Bis zur Finanzkrise hingegen sahen auch die "schwächeren" EU-Staaten die EU als notwendiges bis nützliches Übel an, was durchaus eine reale Grundlage hatte: Mittels zahlreicher Fördertöpfe für Infrastruktur, Landwirtschaft und Soziales brachte die EU die Angleichung der Lebensverhältnisse in ihren "goldenen Jahren" durchaus ein Stück weit voran, wovon das vortreffliche Straßennetz bis in die tiefsten Provinzen Spaniens, Portugal und Italien ebenso zeugt wie die üppige Förderung der Landwirtschaft in den osteuropäischen Beitrittsländern.
Gleichzeitig profitierten die kapitalistischen Führungsnationen in der EU, allen voran Deutschland, von diesen neuen Märkten, die großen Geschäftsbanken schließlich von der Kreditwürdigkeit, die der Euro plötzlich der abgehängten EU-Peripherie verlieh, was deren Staatsführungen zu üppiger Verschuldung in der neuen, scheinbar grenzenlos vertrauenswürdigen Währung verleitete.
Damit machte die Weltfinanzkrise Schluss: Die Rechnung wurde präsentiert, zahlreiche Angleichungserfolge der letzten Jahre bis Jahrzehnte zunichte gemacht, indem die Krisenlasten auf den hochverschuldeten Staaten Süd- und Osteuropas abgeladen wurden - waren diese in der Lesart der "Sieger" doch selber schuld: Hätten sie halt nicht so viel Eurokredit beansprucht, müssten die "Finanzmärkte" nicht so misstrauisch sein! Die Opfer einer derartigen Austeritätspolitik bekamen Europa nun von einer Seite präsentiert, die die bisherige Kosten-Nutzen-Rechnung ihrer EU-Mitgliedschaft in ihren Augen gehörig relativierte oder gar ins Gegenteil verkehrte.

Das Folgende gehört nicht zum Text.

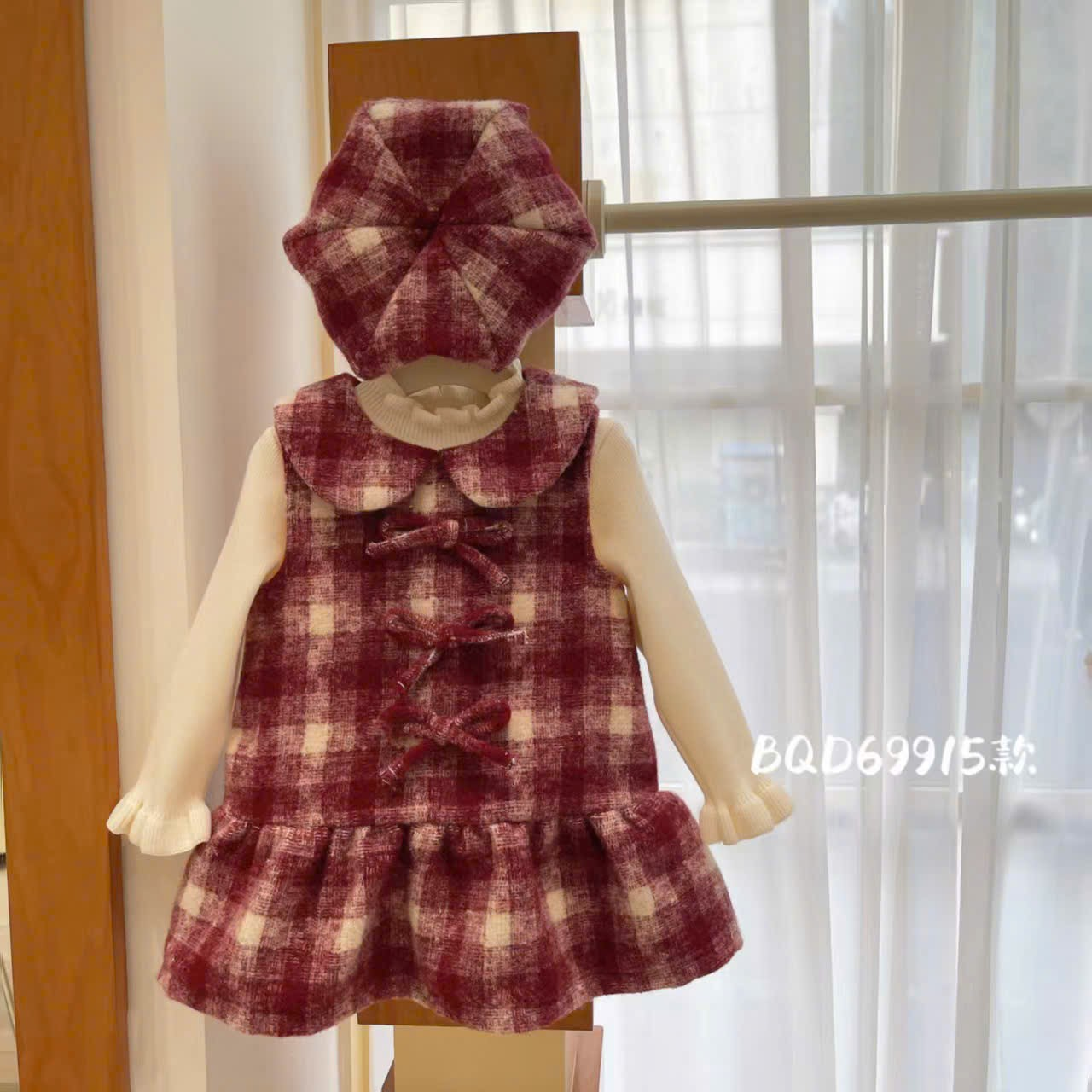 (S92) Set váy dạ kẻ caro đỏ kèm mũ và áo giữ nhiệt trắng_thumbnail_0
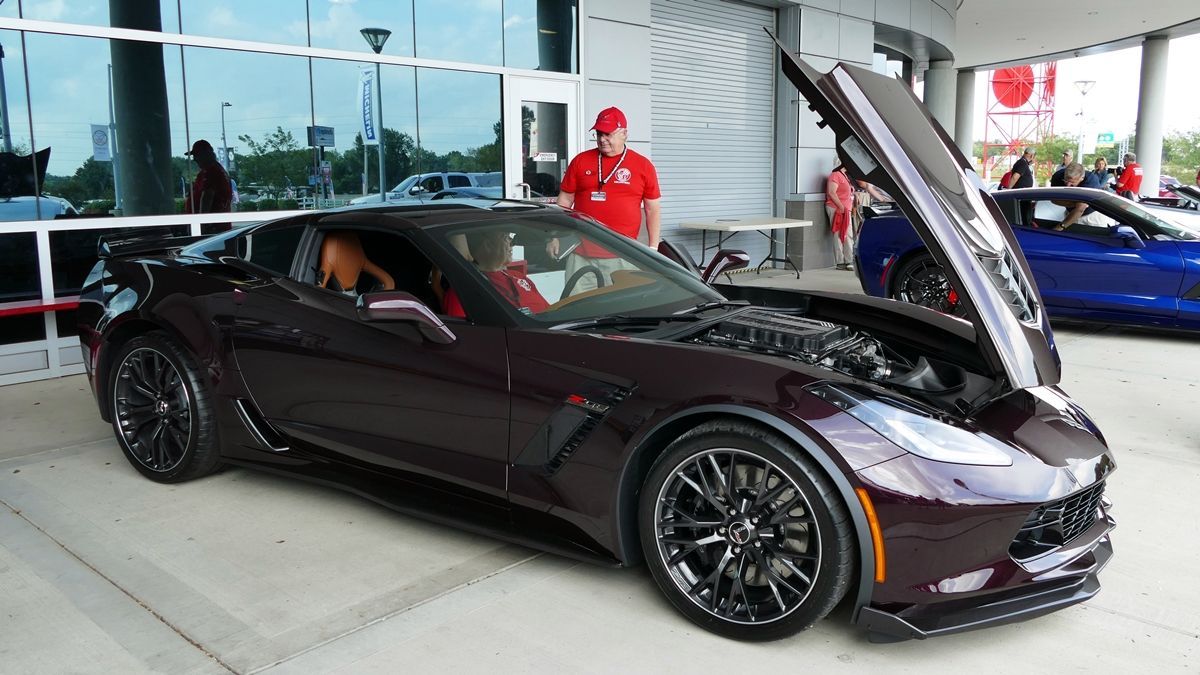 The metallic flake in Black Rose looks incredible in sunlight! (Pics)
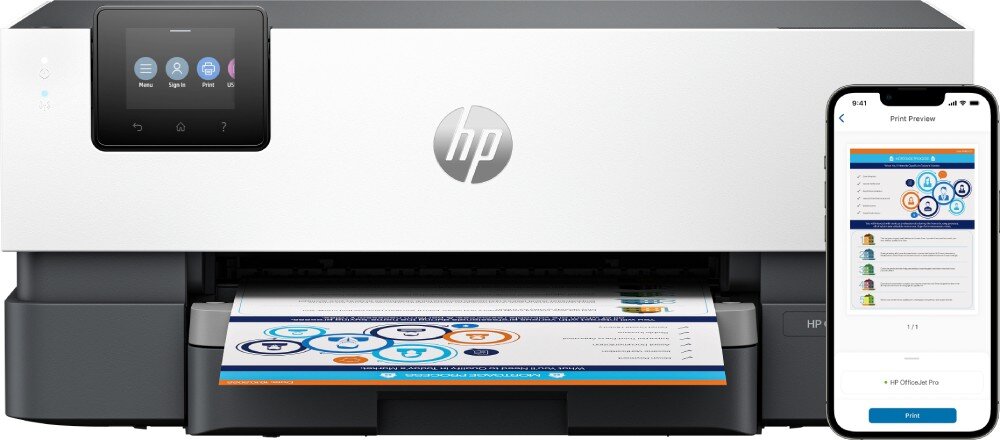 Na obrazie widoczna jest drukarka z logo HP, z której wysuwa się kolorowy dokument. Obok drukarki znajduje się smartfon z aplikacją pokazującą podgląd wydruku.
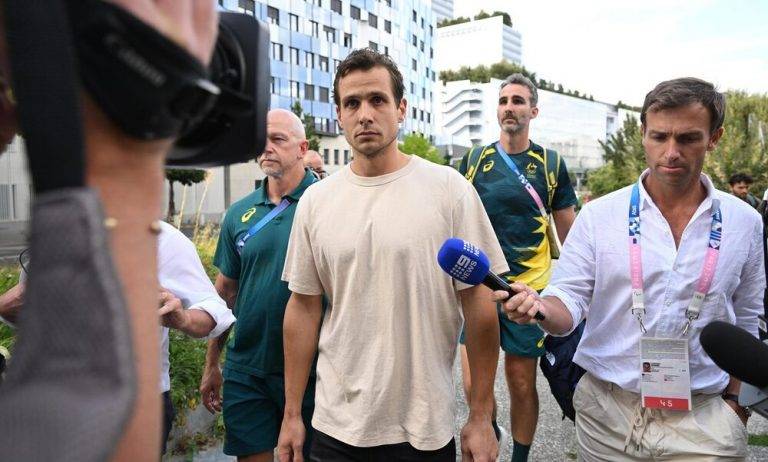 FOTOGRAFÍA. PARÍS (FRANCIA), 07 DE AGOSTO DE 2024. JJOO PARÍS 2024. El australiano Thomas Craig (Tom Craig) (c), jugador de la selección australiana de hockey sobre hierba, sale de la prefectura de la policía en París, después de su detención por compra de cocaína al pie de un edificio en el distrito IX de París. Los agentes que presenciaron la transacción detuvieron tanto al vendedor como al comprador de la cocaína. Efe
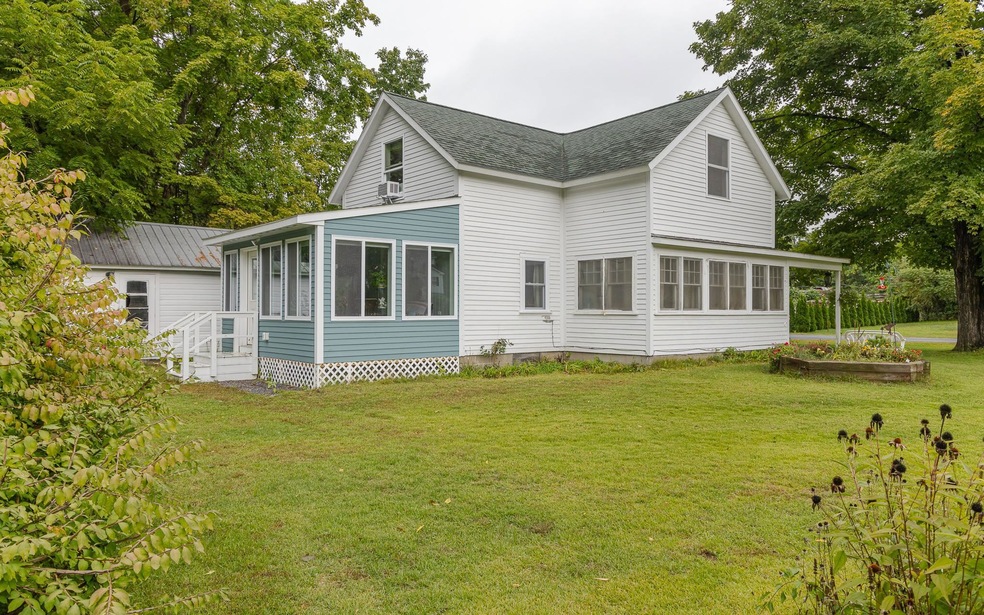 67 West St, Charlestown, NH 03603 - photo 1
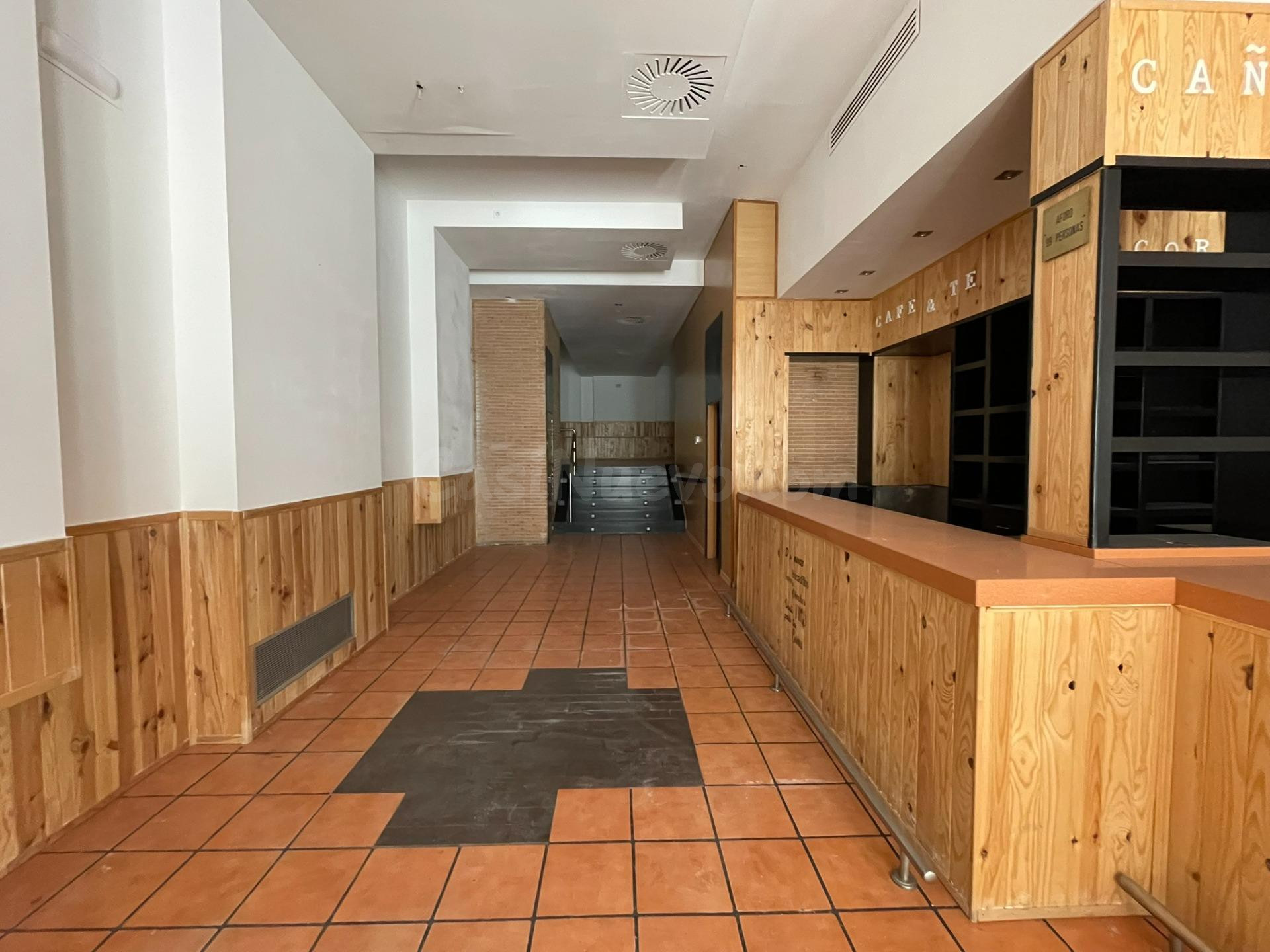 Venta local zona centro de Ponferrada - foto 5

Mit dem Erstarken der rechtspopulistischen Parteien bei der Europawahl am Sonntag werden die bisherigen, gangbaren Verlaufsformen des Widerspruchs der EU, die etablierten institutionellen Formen des politischen Miteinanders als Mittel des nationalen Konkurrenzvorteils gegen die anderen Mitglieder nutzen zu wollen, wohl weiter erodieren bzw. in Frage gestellt; vor allem wird sich zeigen, ob auf dieser Grundlage noch politische Kompromisse in wichtigen Fragen erzielt werden können, die zu umsetzbaren Entscheidungsergebnissen führen.